And that very worthy deeds are done unto this nation. Rather ‘reforms’ or ‘improvements, according to the reading of the more trustworthy MSS. There was absolutely no ground for this statement of Tertullus; within two years of this time, Felix was accused by the Jews of bad government, and the accusation supported by such undeniable proof that he was recalled from his province to Rome, and only escaped punishment through the influence of his brother Pallas, which, though waning, was still powerful at the court of the Cæsar.
By thy providence. Tua providentia, Providentia Cæsaris, is a common inscription on the coins of the emperors. It was a skilful and delicate piece of flattery, to weave this well-known phrase of imperial adulation into his words of praise on this occasion.
Acts 24:3. We accept it always, and in all places, most noble Felix. ‘ Not only here in thy presence and at this moment do we acknowledge our deep debt of gratitude as a nation to thee; but also at all times and in all places do we speak in grateful terms of thee,’ thus adding to the gross words of flattery already used, a most transparent falsehood.
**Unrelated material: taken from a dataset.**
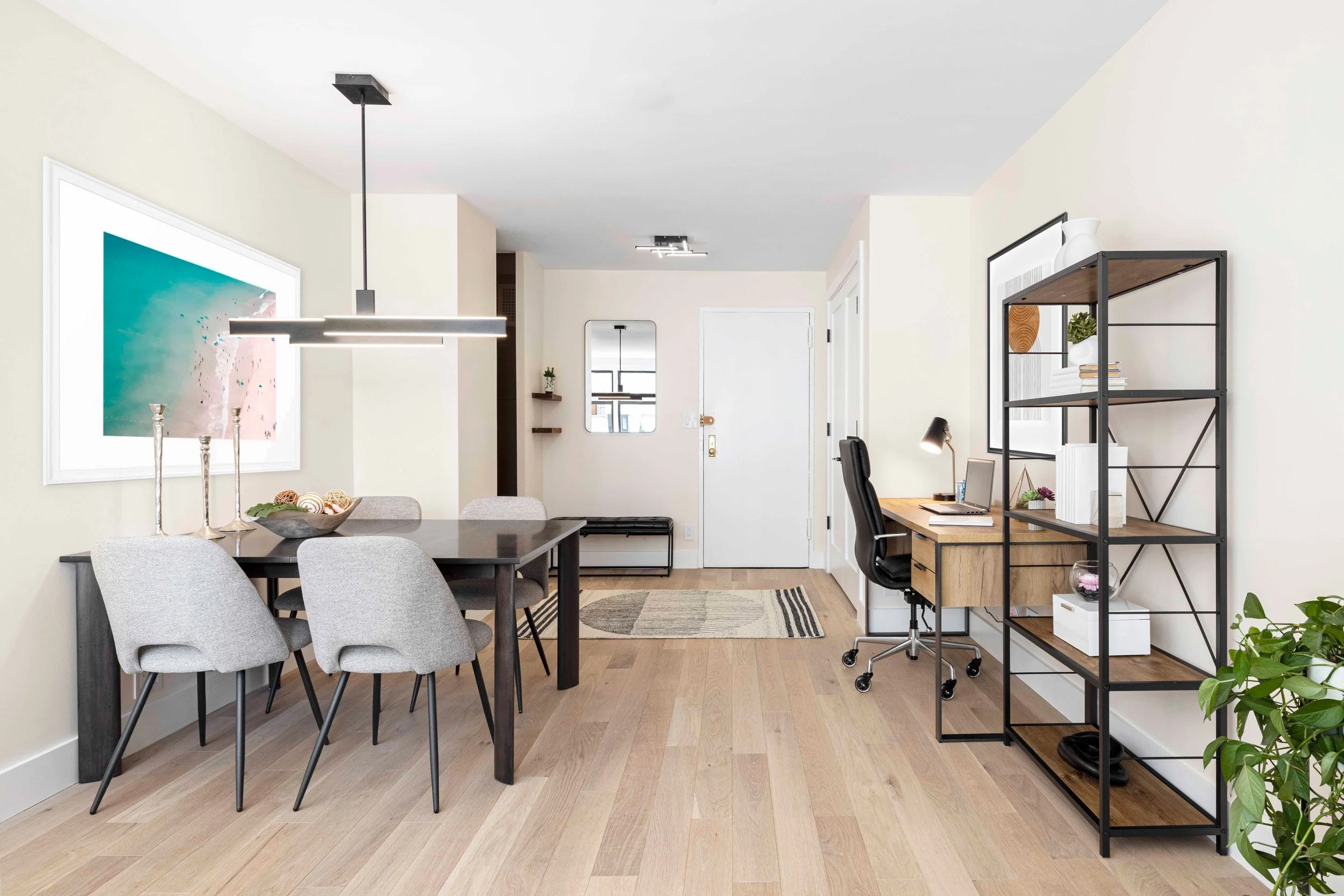 Wide view of the Gramercy Arms apartment in New York City, showing dining area, desk area, and foyer.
The name of Felix was among Jews everywhere a byword for cruelty, lust, and greed.
Acts 24:4. Notwithstanding, that I be not further tedious unto thee. It were as though the advocate saw signs of impatience in the unrighteous judge before him. Felix, who was with all his faults an able man, could not avoid discerning the shameless nature of the lying words of the unprincipled plausible orator.
I pray thee that thou wouldest hear me of thy clemency. One falsehood more did Tertullus think proper to introduce into his harangue. The ‘clemency’ of Felix, to which as a well-known characteristic feature of the governor’s conduct he alluded, was perhaps the last point he ought to have dwelt on in that cruel selfish life.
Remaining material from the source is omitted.